Erupsi Semeru dan Buruknya Sistem Mitigasi. foto: istimewa

TEGAS.CO,. NUSANTARA – Baru-baru ini Indonesia kembali dilanda bencana, dimana gunung tertinggi di pulau yang terletak di perbatasan Kabupaten Lalang dan Lumajang, Jawa Timur, meletus, gunung tersebut erupsi, mengeluarkan guguran awan panas pada sabtu sekitar pukul 15:00 wib (4/12/2021). Guguran tersebut mengarah ke Besuk Kobokan, Desa Supit Utang, Kecamatan Pronojiwo, Lumajang, Jawa Timur.

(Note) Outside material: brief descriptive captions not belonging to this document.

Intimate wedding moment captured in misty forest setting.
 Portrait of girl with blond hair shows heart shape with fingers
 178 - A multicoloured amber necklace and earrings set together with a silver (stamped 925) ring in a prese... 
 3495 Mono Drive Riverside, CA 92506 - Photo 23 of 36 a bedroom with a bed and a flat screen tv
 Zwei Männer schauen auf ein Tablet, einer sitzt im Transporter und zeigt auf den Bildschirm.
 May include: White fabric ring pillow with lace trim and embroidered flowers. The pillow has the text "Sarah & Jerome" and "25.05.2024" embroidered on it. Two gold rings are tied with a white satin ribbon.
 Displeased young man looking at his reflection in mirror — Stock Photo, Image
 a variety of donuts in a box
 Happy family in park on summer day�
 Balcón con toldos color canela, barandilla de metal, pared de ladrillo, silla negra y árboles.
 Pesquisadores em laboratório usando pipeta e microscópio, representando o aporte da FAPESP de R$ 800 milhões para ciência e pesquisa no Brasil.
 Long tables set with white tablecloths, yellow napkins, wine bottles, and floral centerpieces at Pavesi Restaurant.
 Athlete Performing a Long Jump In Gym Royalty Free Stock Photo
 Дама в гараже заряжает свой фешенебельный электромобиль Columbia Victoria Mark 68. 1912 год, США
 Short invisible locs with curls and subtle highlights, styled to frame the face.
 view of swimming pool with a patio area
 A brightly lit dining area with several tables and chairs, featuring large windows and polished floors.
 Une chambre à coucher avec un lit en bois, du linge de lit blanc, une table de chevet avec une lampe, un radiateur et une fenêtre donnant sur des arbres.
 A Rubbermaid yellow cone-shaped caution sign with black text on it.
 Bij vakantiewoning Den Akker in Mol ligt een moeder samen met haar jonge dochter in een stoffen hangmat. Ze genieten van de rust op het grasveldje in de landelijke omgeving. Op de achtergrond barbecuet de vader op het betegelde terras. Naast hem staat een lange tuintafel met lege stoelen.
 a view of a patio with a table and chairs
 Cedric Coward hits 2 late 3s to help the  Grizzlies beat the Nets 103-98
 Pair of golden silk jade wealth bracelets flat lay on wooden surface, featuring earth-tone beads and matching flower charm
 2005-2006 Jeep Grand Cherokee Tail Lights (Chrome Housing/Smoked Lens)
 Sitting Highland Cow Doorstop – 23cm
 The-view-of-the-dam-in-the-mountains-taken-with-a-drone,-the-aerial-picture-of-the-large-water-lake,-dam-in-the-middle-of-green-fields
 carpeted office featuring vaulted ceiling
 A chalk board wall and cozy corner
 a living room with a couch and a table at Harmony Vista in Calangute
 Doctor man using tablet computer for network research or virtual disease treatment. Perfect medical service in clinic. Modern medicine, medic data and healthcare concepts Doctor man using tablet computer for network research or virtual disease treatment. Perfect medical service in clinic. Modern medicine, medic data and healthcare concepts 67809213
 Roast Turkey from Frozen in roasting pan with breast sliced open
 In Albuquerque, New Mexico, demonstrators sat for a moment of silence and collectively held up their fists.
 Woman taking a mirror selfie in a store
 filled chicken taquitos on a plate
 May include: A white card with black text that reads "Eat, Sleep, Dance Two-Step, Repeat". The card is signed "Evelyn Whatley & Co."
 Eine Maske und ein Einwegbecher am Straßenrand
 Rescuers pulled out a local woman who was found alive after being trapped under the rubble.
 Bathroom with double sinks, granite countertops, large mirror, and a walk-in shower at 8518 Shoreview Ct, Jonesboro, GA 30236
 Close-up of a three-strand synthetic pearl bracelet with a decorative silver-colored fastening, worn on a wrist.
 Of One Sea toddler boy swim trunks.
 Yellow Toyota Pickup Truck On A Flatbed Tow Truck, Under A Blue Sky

Berdasarkan data Badan Nasional Penanggulangan Bencana (BNPB) per Senin (06/12) pukul 20.15 WIB, setidaknya 22 orang tewas, sementara 22 orang dinyatakan hilang dan 56 lainnya mengalami luka-luka. Erupsi juga berdampak terhadap 5.205 jiwa. (bbc.com, 07/12/2021)

Situasi ini juga disampaaikan warganet dimedia sosial, yang dimana warga panik, berhamburan keluar rumah untuk menghindari hujan abu vulkanik, jembatan ambruk, rumah rusak, dan banyak hewan ternak tidak terselamatkan. Juga terlihat seorang anak kecil yang berlarian dalam suasana sekitar yang cukup gelap tertutupi oleh awan panas dari erupsi gunung tersebut. Sehingga hal ini menimbulkan pertanyaan, apa tidak ada peringatan sebelumnya? Apa tidak diberlakukan early warning system dalam saat-saat darurat seperti ini? Padahal early warning system sangat penting dan diperlukan untuk menunjang mitigasi bencana demi keselamatan warga sekitar.

Sementara itu Wigyo Ketua DPW KAWALI Jawa-timur menyampaikan Early warning system harus selalu aktif dan tersedia di setiap daerah yang rawan bencana seperti di desa sekitar gunung berapi. Sebagai sensor yang dipasang di dekat seismometer yang akan berbunyi sebagai informasi bahwa ada peningkatan aktivitas/pergerakan besar gunung berapi.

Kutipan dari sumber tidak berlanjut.